The only remedy is to make a firm resolution to act like our belief that abortion ends the lives of human beings is really true. But this will not be easy. We will have to heed the call of Pope St. John Paul II to “be not afraid” and graciously make our opposition to abortion known in our schools and workplaces. The problem is, it’s hard.
I’ll admit: I’m scared to talk about abortion in public. My colleagues are often scared. And we are the trained advocates. Imagine people without training! They’ve got to be terrified. I can refute pro-choice arguments, but sometimes I just don’t want to. At those times I don’t want to refute an argument because I just want my hair cut. Or I just want my dinner. Or I just want my teeth cleaned. I don’t want to answer the question, “What do you do for a living?”
See, most people don’t ask you “What do you think about abortion?” because the topic is so unpleasant. But when I was a full-time pro-life advocate, I always looked for creative ways to answer the standard small talk question, “What is your job?” My stock response was to say “I speak on bio-ethics” and then hope the conversation went somewhere else.

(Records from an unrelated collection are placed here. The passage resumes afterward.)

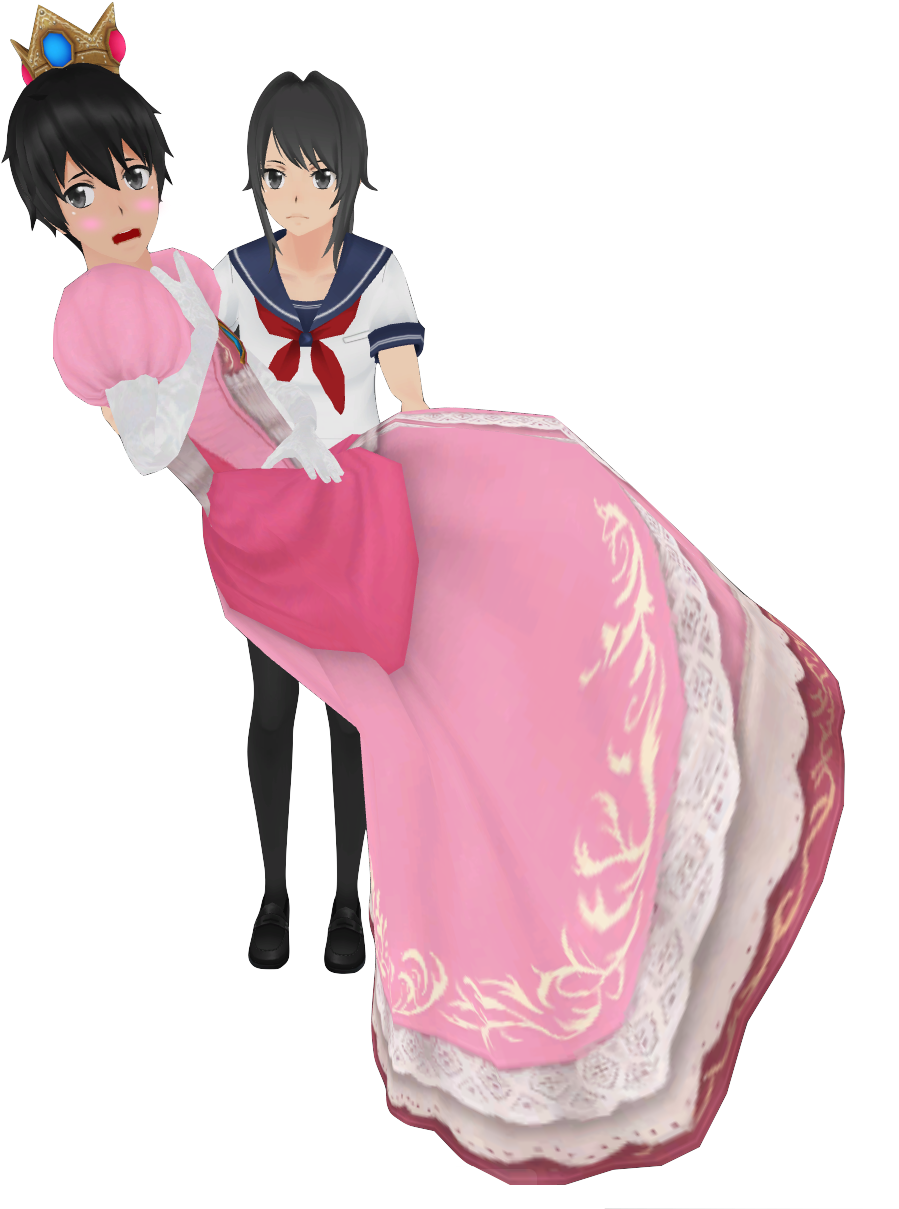 Princess Senpai - Horuda Puresu Yandere Simulator (1056x1300), Png Download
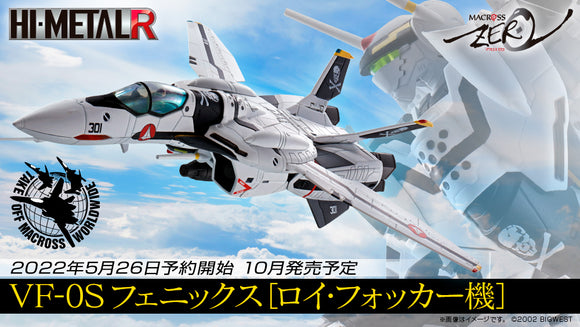 Bandai Spirits HI-METAL R Macross Zero VF-0S Phoenix (Roy Focker) Action Figure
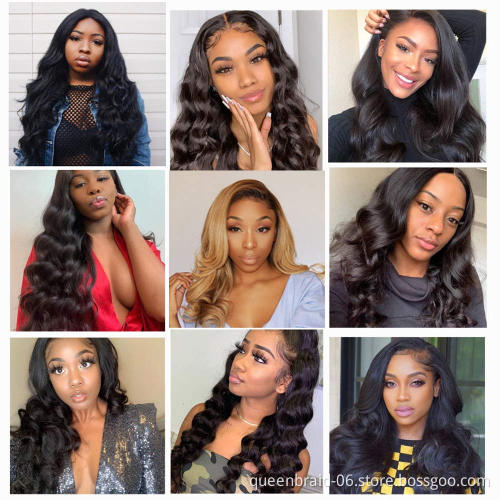 Brazilian Bundles Loose Wave Bundles Hair 100% Unprocessed Virgin Human Hair Bundles for Black Woman Loose Wave Hair Extension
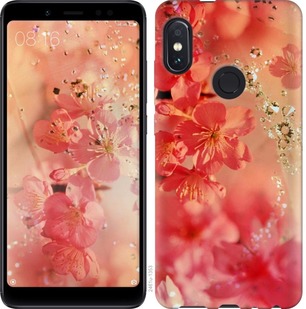 

Чохол Рожеві квіти на Xiaomi Redmi Note 6 Pro 673267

But in all those cases I was being selfish. I cared more about feeling comfortable than doing what was right. I’m not saying we should lecture everyone we meet about abortion. That would violate the pro-life apologist’s cardinal rule of not being weird. There is a time and place for every conversation, but we should not be afraid to talk about abortion.
It’s okay to get emotional, as long as we don’t let our emotions override our reason or ability to be gracious. At times it will be frustrating when people seem like they won’t listen or care. That is because people are complex and act not just with their heads but with their hearts. If people are emotionally attached to legal abortion, it will be difficult to persuade them that it should be illegal unless we can reach them on both an intellectual and an emotional level.
Once while I was on a campus in California I talked with a young woman for about an hour. We had covered almost all the arguments listed in the previous chapters, and both of us were becoming frustrated, because it seemed like the discussion was going around in circles. Suddenly, I noticed that she had a small, blue-and-white Israeli flag pin on her backpack. We talked a bit about Israel and our Jewish relatives, and I made the point that just as Jewish people throughout history have been dehumanized because they were unwanted in the eyes of others, I didn’t want the unborn to be treated in the same way.
Within a few minutes the entire tone of conversation changed. She told me, “This has really changed my mind on abortion. There’s a lot I have to think about now.” I was amazed that this simple example, hardly different from the other examples I used earlier in our conversation, had caused her to radically change her worldview. Jesus said, “For where your treasure is, there will your heart be also.” (Matthew 6:21) This young woman now cared about the unborn because I was able to connect them to something she cared about. God could use my arguments to move not just her head but her heart as well.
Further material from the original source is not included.